We often think of design as being about “things”, products, artifacts, technology, and so forth.  But as we are learning, design can often involve experiences or processes that we encounter in our lives (the process of getting ready for school, the processes of arranging a travel experience, or a particular work flow that you may engage with in your job).  In this assignment, you will turn the focus inwards, to consider how design has an impact on your own affect, emotions, and experience of a process.  To do this, you will be creating an “emotional map” of your own experience of a process.

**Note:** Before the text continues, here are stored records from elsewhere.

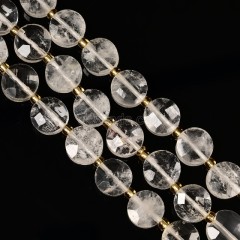 Clear Quartz Faceted Coins with Spacer Beads, Approx 10mm, 38cm/strand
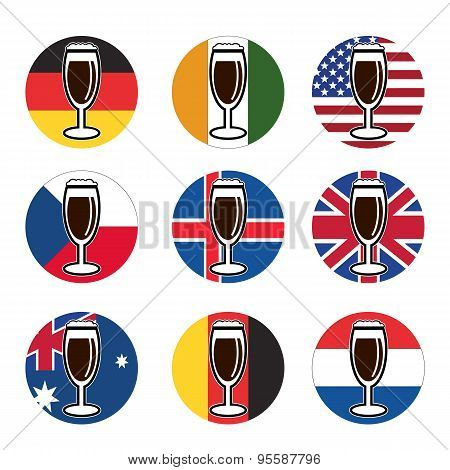 Vector Set Beer Glass With Beer On Background Round National Flags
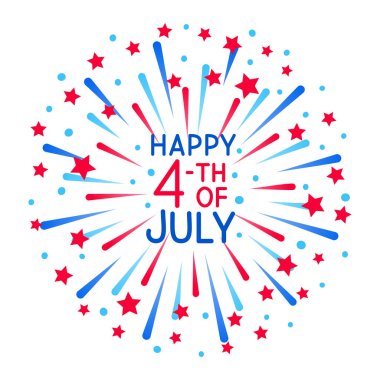 Beyaz arka planda izole bağımsızlık günü tasarımı için havai fişek elemanları grubu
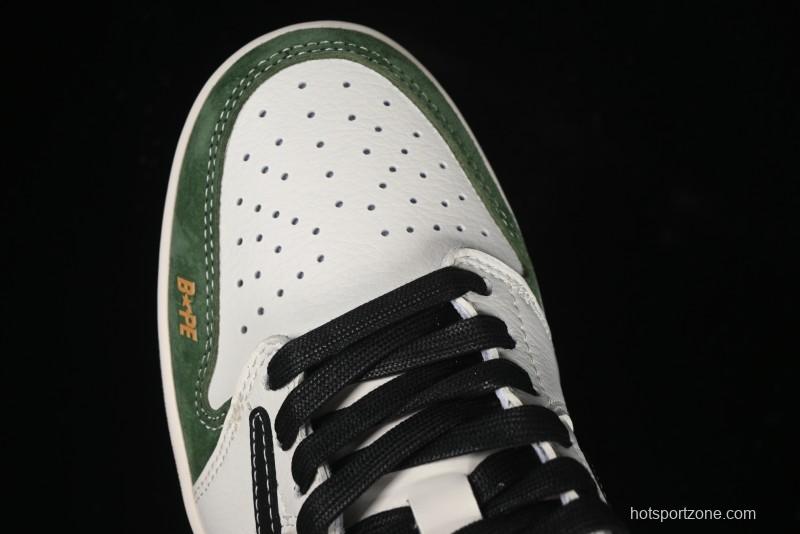 Nike Travis Scott x Fragment Design x Air Jordan 1 Low OG SP AJ1 Bape Collaboration - Jungle Green Low Top Casual Sneakers - XY2688-107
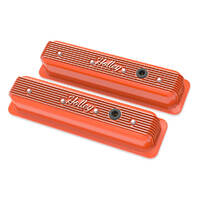 Holley Valve Cover Finned 3.4 in. Height Small Block Chevrolet Cast Aluminum Factory Orange Pair HL241-249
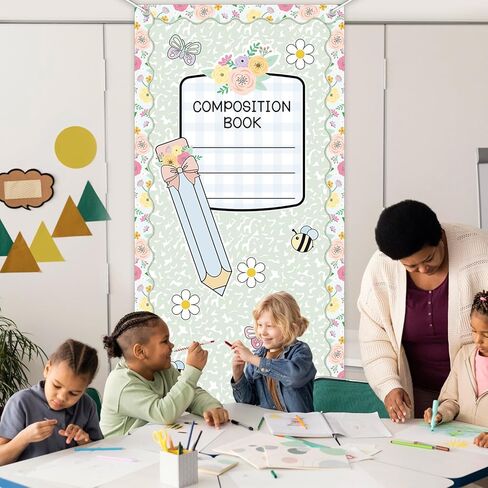 Spring Pastel Floral Door Cover Composition Notebook Door Banner Spring Butterfly Pencil Banners Back to School Classroom Decor First Day of School Backdrop for Kindergarten Preschool Wall Decor in Saudi Arabia
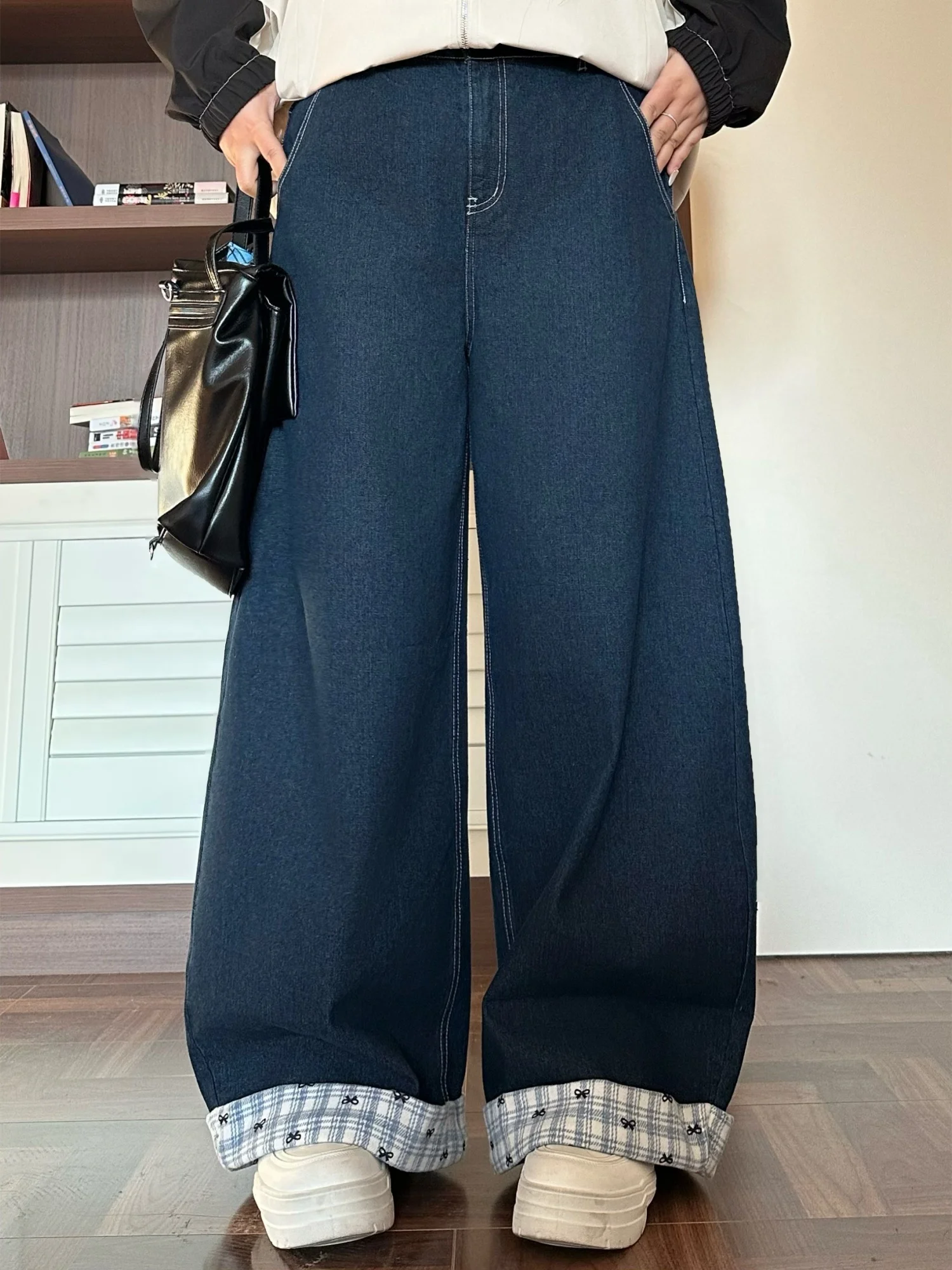 

High Waist Loose Wide Leg Pants Spring New Sle Cover Leg ape Straight Cut Large Size Women's Jeans Commute Simple Sle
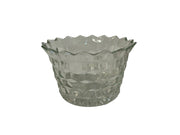 Fosteria Cubist Pattern Clear Glass Antique Vintage 1930s MCM Ribbed Ice Bowl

Designers often create visual maps of “customer” or “user” experiences.  Experience maps can include different aspects of experience, though they often focus on the more rational and emotional aspects of designed processes or products.  Increasingly though, design has begun to recognize the necessity of paying attention to the more elusive but essential facet of “emotional experience”, or the ways in which designed artifacts and processes influence mental affect, and emotional states.

So, emotional mapping is a design process that uncovers feelings and attitudes towards processes and products of design.  Such maps can be done for groups of people (looking at their aggregated experience of a thing), or for just one individual’s experience. Emotion mapping gathers information on the internalized reasons why people like, dislike, love or hate something. It identifies key attributes, tangible and intangible, overt and subtle, conscious and subconscious, that help connect products and people. This insight can focus a designer’s creativity, give rich information to the creative process, and result in more innovative, radical and successful ideas.

You will be doing an emotional map of just one person – you.  The process that you choose to map can be any one of your choosing (from a particular process or experience in your work life, to a process that you undergo in your daily or personal life).  To give you a better sense, and a good example, of how this works examine the related emotional experience map, from designer Eric Berkman.  He mapped a fairly ordinary daily experience of going to Starbucks, and came up with the following detailed visualization of the emotional experience.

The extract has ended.